LE COMITÉ POUR L'ÉLIMINATION DE LA DISCRIMINATION RACIALE ENTAME L'EXAMEN DU RAPPORT DES FIDJI

11 Mars 2003



CERD
62ème session
11 mars 2003
Après-midi





Le Comité pour l'élimination de la discrimination raciale a entamé, cet après-midi, l'examen des sixième à quinzième rapports périodiques des Fidji sur les mesures prises par ce pays pour se conformer aux dispositions de la Convention internationale sur l'élimination de toutes les formes de discrimination raciale.
Présentant le rapport de son pays, M. Isikeli Mataitoga, Représentant permanent des Fidji auprès de l'Union européenne, a souligné que le Gouvernement s'est fixé pour objectif premier de promouvoir la stabilité au sein de la société multiethnique et multiculturelle des Fidji, grâce à un rétablissement de la confiance entre les différents citoyens et communautés ainsi qu'à un renforcement des bases propices à une croissance économique et à une prospérité favorables à tous. Le Gouvernement reconnaît que les autochtones fidjiens constituent la communauté majoritaire des Fidji, tant du point de vue numérique qu'en tant que principaux propriétaires terriens. En répondant à leurs préoccupations, notamment par des programmes d'action affirmative, le Gouvernement investirait aussi dans la stabilité future du pays, a déclaré M. Mataitoga. Le Vingtième plan annuel pour les Fidjiens autochtones et les Rotumans constitue un ingrédient essentiel de l'instauration de la paix et de la stabilité, a-t-il insisté.
La délégation fidjienne est également composée de représentants du Ministère des affaires étrangères et du commerce extérieur; du Ministère des finances; du Département des plaintes de la police; et de la Commission de réforme des lois.
La rapporteuse du Comité pour l'examen du rapport fidjien, Mme Patricia Nozipho January-Bardill, a indiqué ne pas bien comprendre le refus des Fidji de souscrire aux dispositions de l'article 4 de la Convention, relatives à l'interdiction des organisations qui cherchent à promouvoir la haine raciale. Dans un pays comme les Fidji où il y a des tensions raciales, l'adoption d'une législation telle que celle envisagée dans cet article semble essentielle, a-t-elle estimé. Elle a souligné que la Constitution du pays ne définit pas la discrimination, ne mentionne pas les métis et semble organiser la suprématie d'un pouvoir politique autochtone. Elle a indiqué nourrir des préoccupations s'agissant, en particulier, de la politique foncière, et de la législation sur la discrimination positive, qui semble avoir un impact négatif.
Les membres suivants du Comité sont également intervenus: MM. Kurt Herndl, Régis de Gouttes, Luis Valencia Rodríguez, Alexandre Sicilianos, Morten Kjaerum, Patrick Thornberry, Mario Jorge Yutzis, Raghavan Vasudevan Pillai, Tang Chengyuan, Nourredine Amir. Nombre d'entre eux ont souligné que des divergences persistent entre le Comité et les autorités fidjiennes s'agissant en particulier de la question des réserves et des déclarations interprétatives que le pays à émises s'agissant de nombreuses dispositions de la Convention.
En début de séance, le Président du Comité, M. Ion Diaconu, a indiqué que la Suisse vient de faire la déclaration prévue au titre de l'article 14 de la Convention en vertu de laquelle elle reconnaît la compétence du Comité pour examiner des plaintes émanant de particuliers qui se disent victimes d'une violation de l'un quelconque des droits énoncés dans la Convention.
Le Comité poursuivra demain matin, à 10 heures, l'examen du rapport des Fidji en entendant les réponses apportées par la délégation aux questions posées cet après-midi par les experts.

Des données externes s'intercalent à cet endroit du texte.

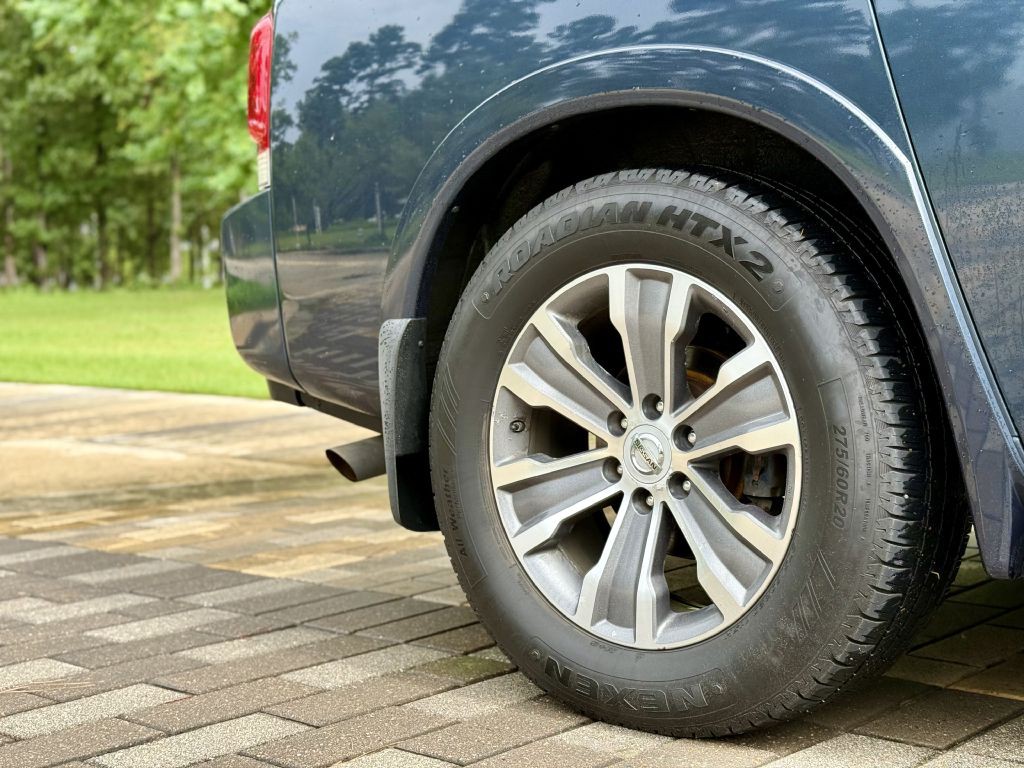 2015 Nissan Armada Image 15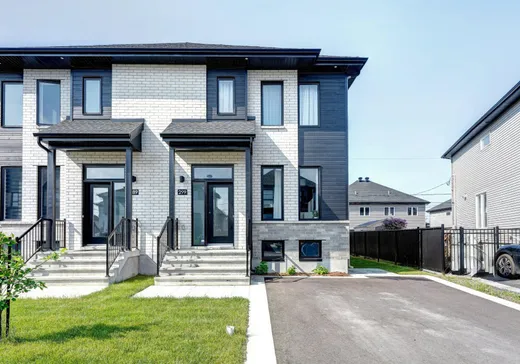 Maison à vendre - 299 Rue Pierre-Brot, Lavaltrie, J5T 0K5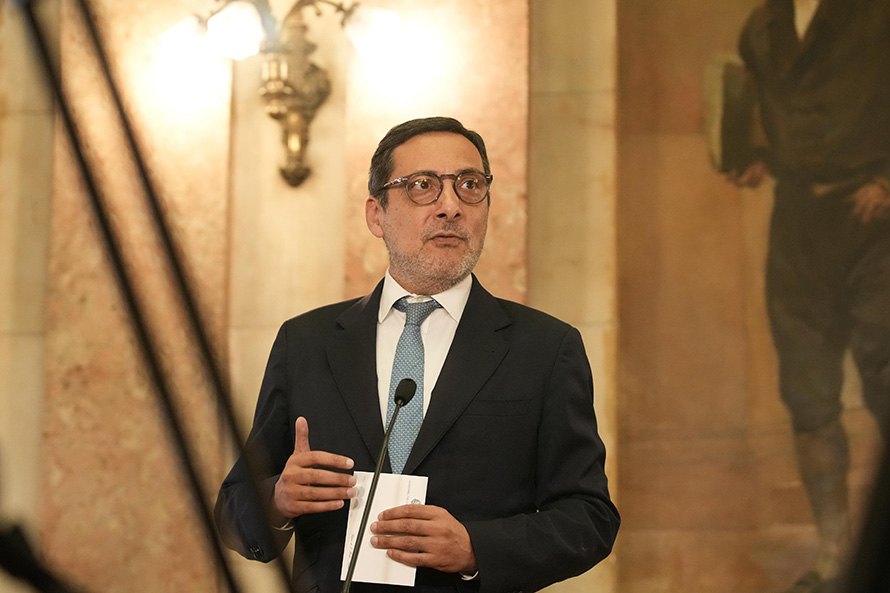 Governo tem de desmentir declarações do PSD ou admitir que não cumpriu a lei do OE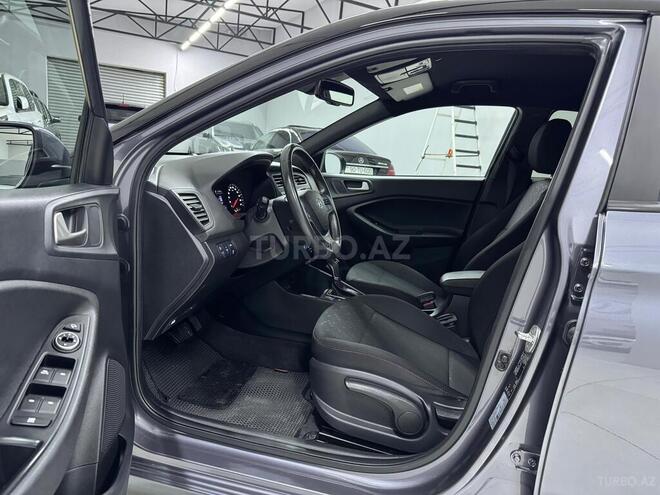 Hyundai i20-19
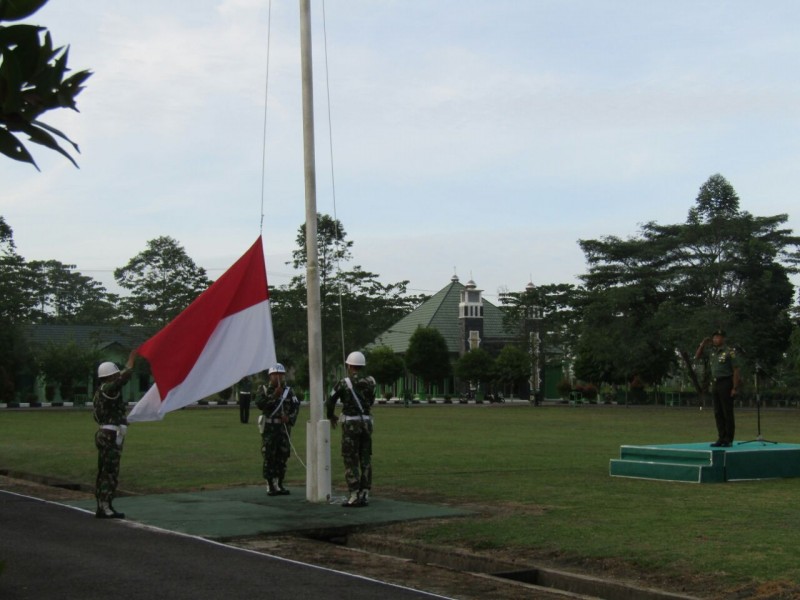 kegiatan upacara bendera Mingguan, di Lapangan Upacara Makorem, Senin (08/01/2018).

Présentation du rapport de Fidji
Présentant le rapport de son pays, M. ISIKELI MATAITOGA, Représentant permanent des Fidji auprès de l'Union européenne, a souligné que les troubles politiques récents qu'a connus son pays ont créé des difficultés qui ont perturbé le processus de préparation du rapport que les Fidji devaient présenter au Comité. Les autorités fidjiennes n'en ont pas moins décidé de renouer un dialogue transparent et constructif avec le Comité, comme en témoignent la présentation du présent rapport et la présence de la délégation fidjienne, aujourd'hui, devant le Comité. M. Mataitoga a assuré que son pays prenait avec sérieux toutes les préoccupations exprimées par le Comité.
M. Mataitoga a indiqué que le Forum constitutionnel des citoyens (FCC), qui avait été radié des fondations caritatives, devrait être enregistré au titre d'une nouvelle législation. Il a également indiqué que les autorités fidjiennes ont tenu en février 2003 leur première réunion avec les organisations non gouvernementales et s'est dit encouragé par la participation active de toutes les ONG à cette réunion.
Nombre de lois et de politiques gouvernementales des Fidji, y compris la déclaration des droits de la Constitution, permettent de répondre aux exigences de la Convention, a souligné M. Mataitoga.
M. Mataitoga a rappelé que les événements politiques de 1987 et 2000 avaient eu de graves conséquences pour le pays, causant des dommages irréparables sur les relations raciales et sur l'économie nationale. Afin de prendre des mesures préventives de manière à ce que de tels événements ne se reproduisent pas, le Gouvernement s'est fixé pour objectif premier de promouvoir la stabilité au sein de la société multi-ethnique et multiculturelle des Fidji, grâce à un rétablissement de la confiance entre les différents citoyens et communautés ainsi que grâce à un renforcement des bases propices à une croissance économique et à une prospérité favorables à tous aux Fidji. Le Gouvernement fidjien reconnaît que les autochtones fidjiens constituent la communauté majoritaire des Fidji, tant du point de vue numérique qu'en tant que principaux propriétaires terriens. En répondant à leurs préoccupations, le Gouvernement investirait aussi dans la stabilité future du pays, a reconnu M. Mataitoga. Les programmes d'action affirmative ne sont pas nouveaux, a-t-il souligné. Le Vingtième plan annuel pour les Fidjiens autochtones et les Rotumans constitue un ingrédient essentiel de l'instauration de la paix et de la stabilité, a-t-il insisté.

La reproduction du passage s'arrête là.